Will Shetterly,
Dogland
(Tor, 1997)

Will Shetterly turns from the urban fantasy of his Borderlands books Elsewhere and Nevernever to Dogland, a much more complex and subtle work of mythic fiction.

Chris Nix is 4 when his family moves to Florida, where his parents, Luke and Susan, plan to build Dogland, a tourist attraction featuring every breed of dog recognized by the American Kennel Club. Their first friend is Artie Drake, the realtor who sells Luke the property in spite of a nasty encounter with a rattlesnake. Soon enough, other friends enter their lives: Maggie DeLyon, owner of the Fountain of Youth Motel; Gideon Shale, evangelical proprietor of a hamburger stand who dispenses quotes from the Bible and Shakespeare with his 19-cent burgers; Ethorne Hawkins, an elderly black cook; and Mayella, James and Seth, members of Ethorne's family.

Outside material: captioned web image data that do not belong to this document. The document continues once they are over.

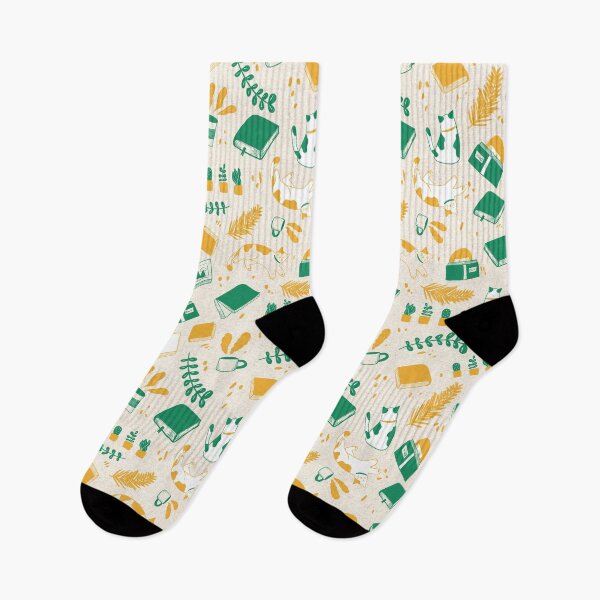 Item preview, Reading cats designed and sold by SaraPatterns.
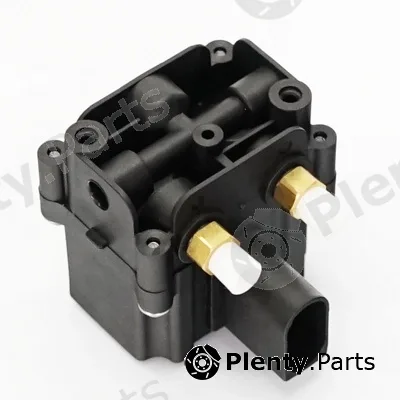 Ironstamp Fb02 — Valve, compressed-air system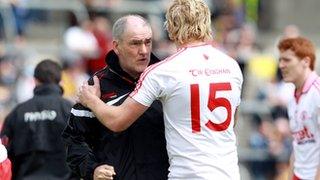 Mickey Harte has not recalled Owen Mulligan to the Tyrone squad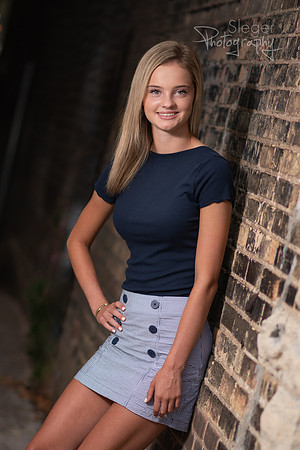 Green Bay Senior Pictures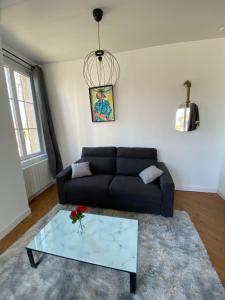 Appartements Grey Cosy : photos des chambres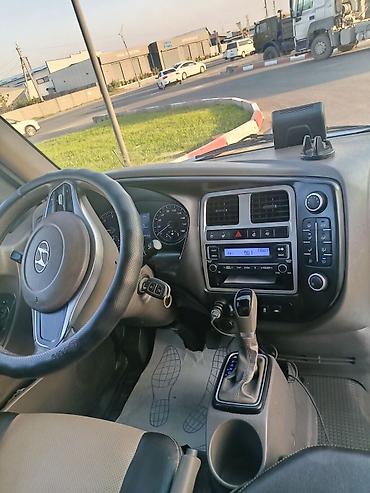 crown s180: Hyundai Porter: 2021 г., 2.5 л, Типтроник, Дизель, Пикап — 5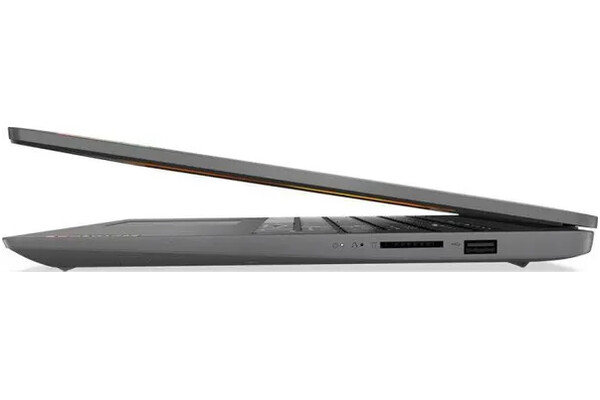 Laptop Lenovo IdeaPad 3 15.6" Intel Core i3 1115G4 INTEL UHD 4GB 256GB SSD Windows 11 Home S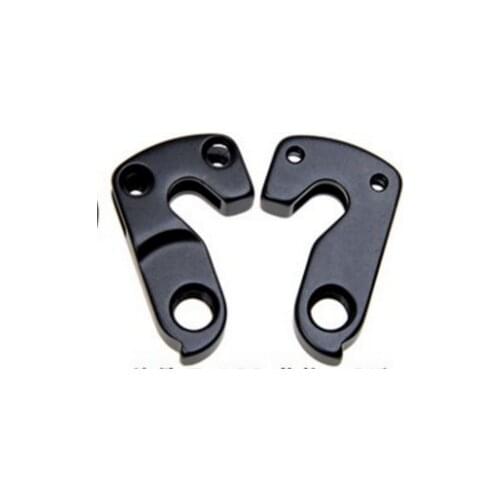 1pc CNC Bike rear gear mech derailleur hangers dropout For SCAPIN Erika RC ZGL CRB47 with screws
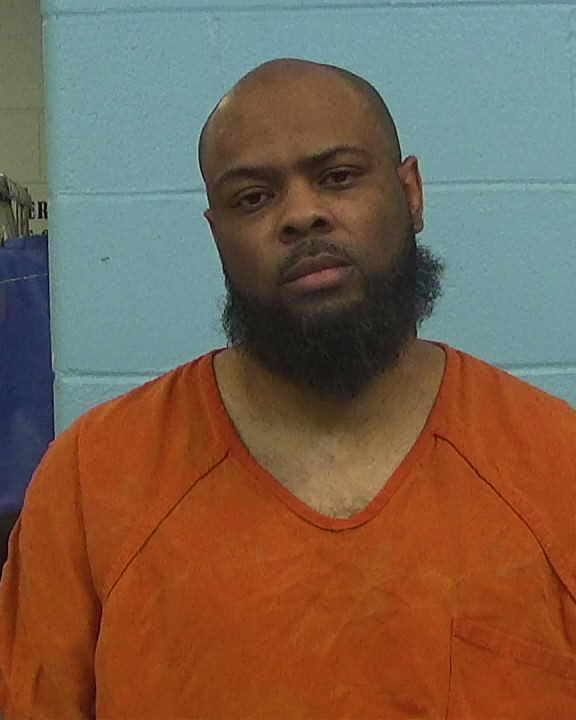 Grisby, Jasmone Laduan booking photo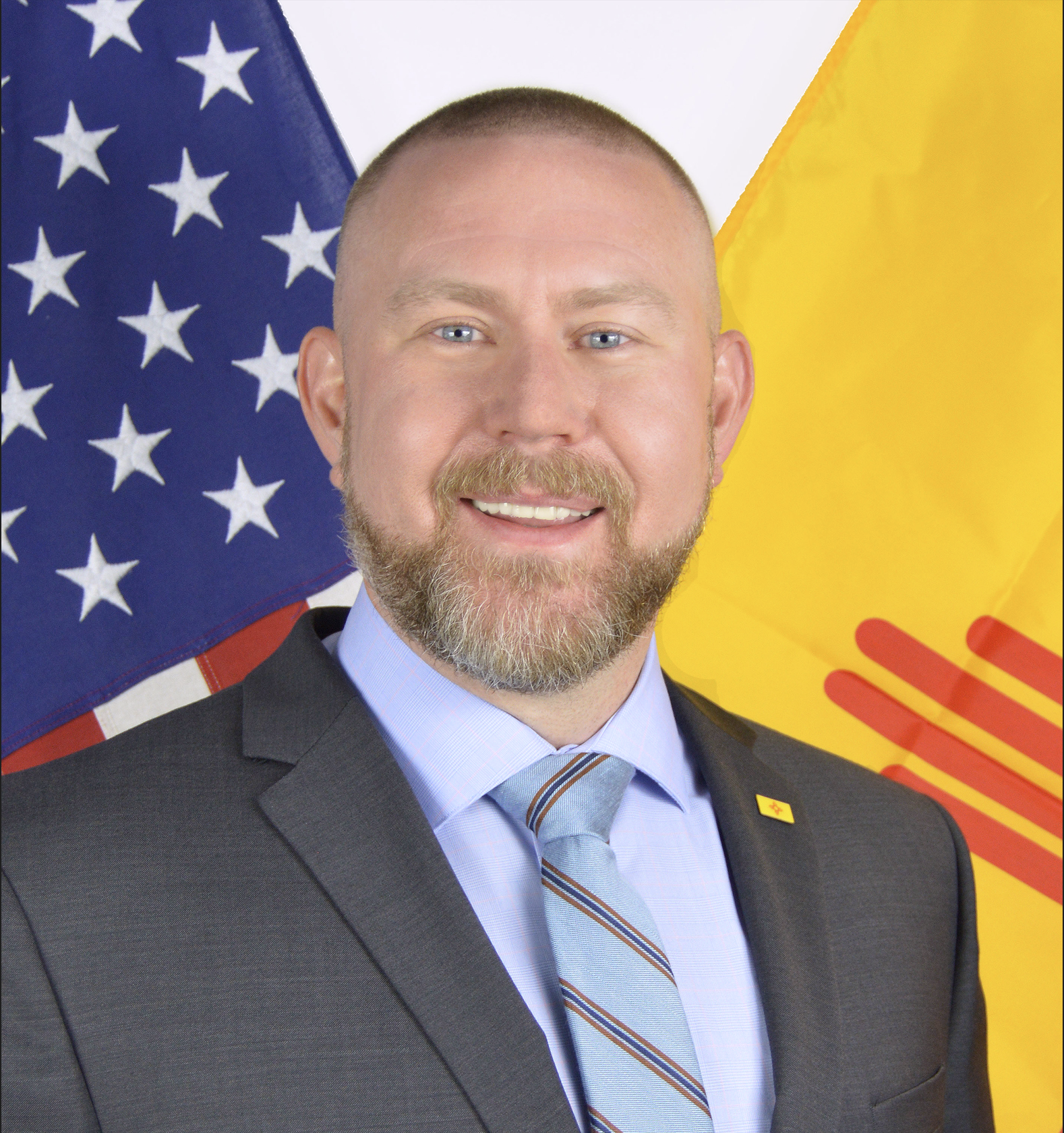 Carl Wilken Headshot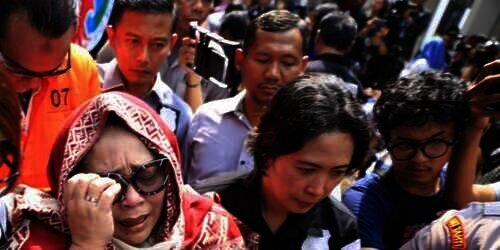 Saat Ulang Tahun, Suami Minta Kado Nunung Berhenti Gunakan Narkoba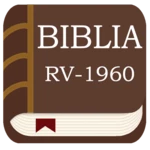 Logo of Reina Valera 1960 android Application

Luke Nix practices colorblind hiring and refuses to segregate the restaurant that goes along with Dogland; consequently, he draws a lot of negative attention, particularly from the Ku Klux Klan. At the same time, Dogland seems blessed by some benevolent spirit, because it attracts a steady stream of visitors. Eventually, though, things start to go awry when local developer Nick Lumiere sets up a rival attraction and makes a bid for both the Fountain of Youth and Dogland properties. Lumiere is the kind of businessman who will stop at nothing and will use people to achieve his ends, but he does not count on the love and loyalty surrounding the Nix family.

Shetterly captures the childlike wonder in Chris' narrative; in his world, there is magic present everywhere. The story is multi-leveled: on one level, it is the story of three years in a family's life during a time of social turbulence and change, a not-quite-coming-of-age story. On another level, observant readers will see how this is a work of mythic fiction, and those versed in folklore are in for a treat. Shetterly works the mythic elements into the tale subtly, and it pays to be attentive to the details.

The characters are complex and well rounded, but I do have a slight problem with Chris as a 4-year-old narrator. While the story is obviously told by an adult looking back, Chris acts and responds like a child older than his age, as does his sister, Little Bit, who is a year younger. This, however, is a minor and subjective flaw; as Shetterly lived in Florida between the ages of 4 and 10 while his parents ran the real Dogland, I am loathe to question the quality of his memories.

Dogland is one of the more thoughtful and engrossing books I have read in quite some time, fresh and original with universal resonance.